Pinho Armando J, Neves António J R, Afreixo Vera, Bastos Carlos A C, Ferreira Paulo J S G
Signal Processing Laboratory, DETI/IEETA, University of Aveiro, 3810-193 Aveiro, Portugal.
IEEE Trans Biomed Eng. 2006 Nov;53(11):2148-55. doi: 10.1109/TBME.2006.879477.

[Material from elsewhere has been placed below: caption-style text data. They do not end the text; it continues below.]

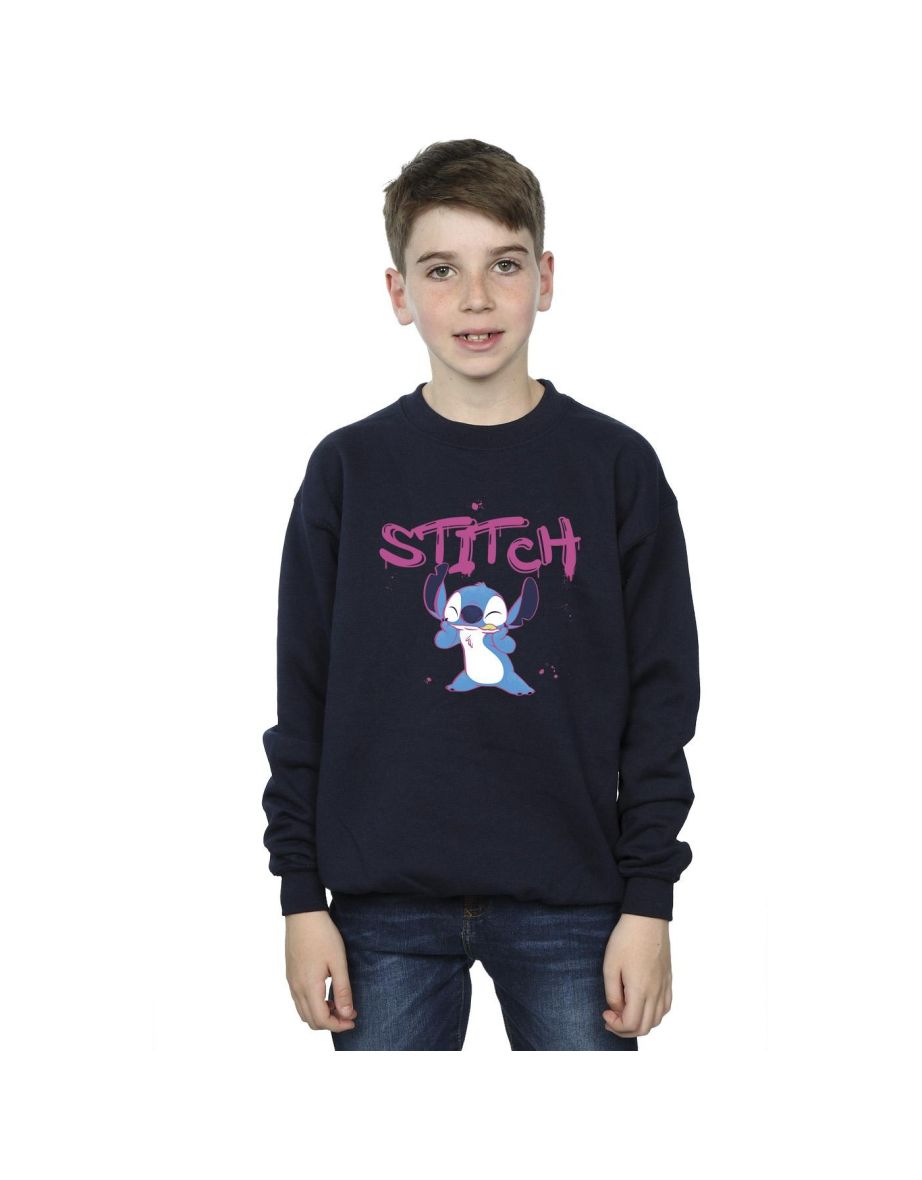 Disney Boys Lilo And Stitch Graffiti Sweatshirt - Navy Blue
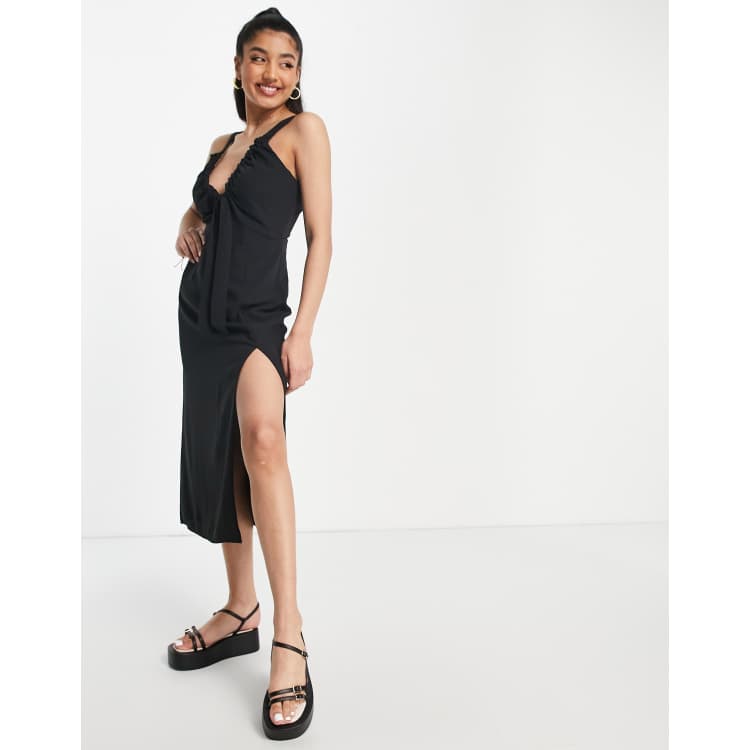 Women's Plunge V-Neck Midi Dress in Black | Size Xxs Tall | Abercrombie & Fitch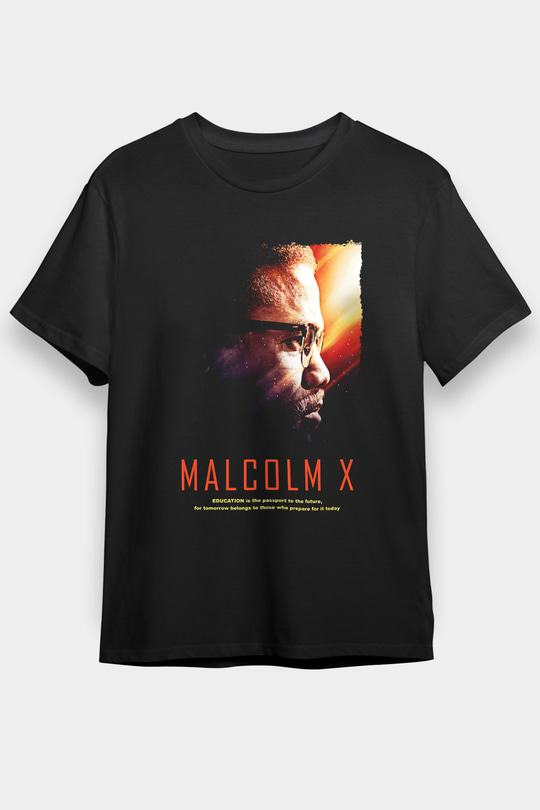 Malcolm X James Baskılı Unisex Siyah Tişört - Tshirt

It is known that the protein-coding regions of DNA are usually characterized by a three-base periodicity. In this paper, we exploit this property, studying a DNA model based on three deterministic states, where each state implements a finite-context model. The experimental results obtained confirm the appropriateness of the proposed approach, showing compression gains in relation to the single finite-context model counterpart. Additionally, and potentially more interesting than the compression gain on its own, is the observation that the entropy associated to each of the three base positions of a codon differs and that this variation is not the same among the organisms analyzed.
众所周知,DNA的蛋白质编码区域通常具有三碱基周期性特征。在本文中,我们利用这一特性,研究了一种基于三种确定性状态的DNA模型,其中每种状态都实现了一个有限上下文模型。所获得的实验结果证实了所提出方法的适用性,显示出相对于单一有限上下文模型对应物的压缩增益。此外,可能比压缩增益本身更有趣的是,观察到密码子的三个碱基位置各自相关的熵不同,并且这种变化在所分析的生物体之间并不相同。